Now deleted, here a screenshot of the threatening Saudi "infographic" featuring an airliner headed for the Toronto skyline. pic.twitter.com/LrkCLxxjFk
— Tobias Schneider (@tobiaschneider) August 6, 2018
The image depicts an airplane flying towards the Toronto skyline with the text, “Sticking one’s nose where it doesn’t belong!” and, “As the Arabic saying goes: ‘He who interferes with what doesn’t concern him finds what doesn’t please him.” The account quickly deleted the tweet, but the message was clear. Not only does the image seemingly acknowledge Saudi involvement in 9/11, but that they are willing to threaten a repeat.
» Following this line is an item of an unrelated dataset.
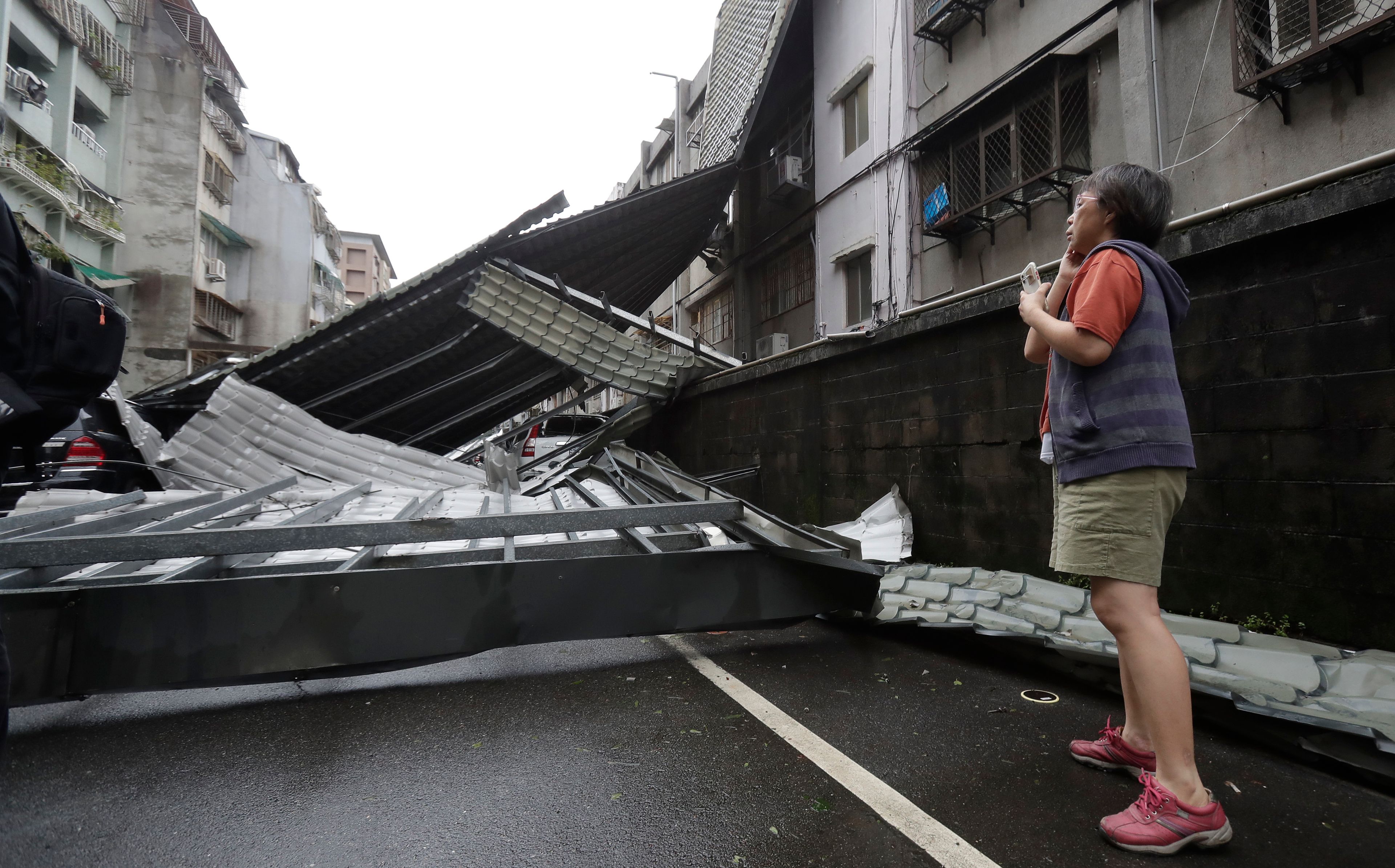 A woman looks at a row of blown roofs destroyed by the wind of Typhoon Kong-rey in Taipei, Taiwan, Friday, Nov. 1, 2024. (AP Photo/Chiang Ying-ying)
The lack of attention paid towards Saudi Arabia’s many crimes is a massive failure on behalf of American media, but the praise for Crown Prince Mohammad Bin Salman is an embarrassment. CNBC published an article titled, “Ex-Google exec: Mohammed bin Salman is bringing Silicon Valley-style disruption to Saudi Arabia,” on March 27. The article praises “MBS” (the affectionate name his fans use) for vague promises of turning Saudi Arabia into the next Silicon Valley, completely ignoring “MBS’s”three-year campaign of terror in Yemen. Now, CNBC is fielding a commentary piece on Khashoggi’s murder, worrying that the international backlash will derail Mohammed bin Salman’s reforms. CNBC is not alone in this concern over the disruption of Saudi “reforms.” The New York Times published an opinion piece from Thomas L. Friedman offering complete uncritical supporter of Mohammed bin Salman’s “reforms,” while only mentioning Yemen to parrot the official Saudi line on the conflict. Today, the front page of the American paper of record is covered with pieces decrying the murder of Khashoggi, including Friedman arguing that America should effectively do nothing about Khashoggi’s murder. Most disgustingly, Friedman states that the Saudi government has, “Jamal’s blood on its hands,” and that we cannot ignore Khashoggi’s murder—meanwhile ignoring that the Saudi’s hands are already stained with the blood of Yemenis. It’s the murder of one journalist that will derail the mythical reforms, not the mass slaughter of Yemenis happening right next door.
Journalists need to confront the reality that Saudi Arabia has long been an exporter of terror and violence. The conflict in Yemen is effectively genocidal, and the Saudi’s murky role in terror plots disrupts any belief that America’s great ally in the Middle East is some bastion of freedom. The assassination of Jamal Khashoggi is a great tragedy, especially to the world of journalists, but the duty of the journalist is to expose what is happening in the world— the cushy treatment of Saudi Arabia up to this point is a failure in that duty. American journalists must reconcile that they have failed to adequately cover the many of Saudi Arabia’s abuses while mourning their loss. Jamal Khashoggi’s murder is the latest in a long line of crimes committed by Saudi Arabia, but hopefully, a renewed spotlight on the violent monarchy can convince Americans to demand action against the regime. If there is a way to show that Jamal Khashoggi’s murder truly matters, it lies in a reinvigorated commitment to exposing the truth and demanding justice.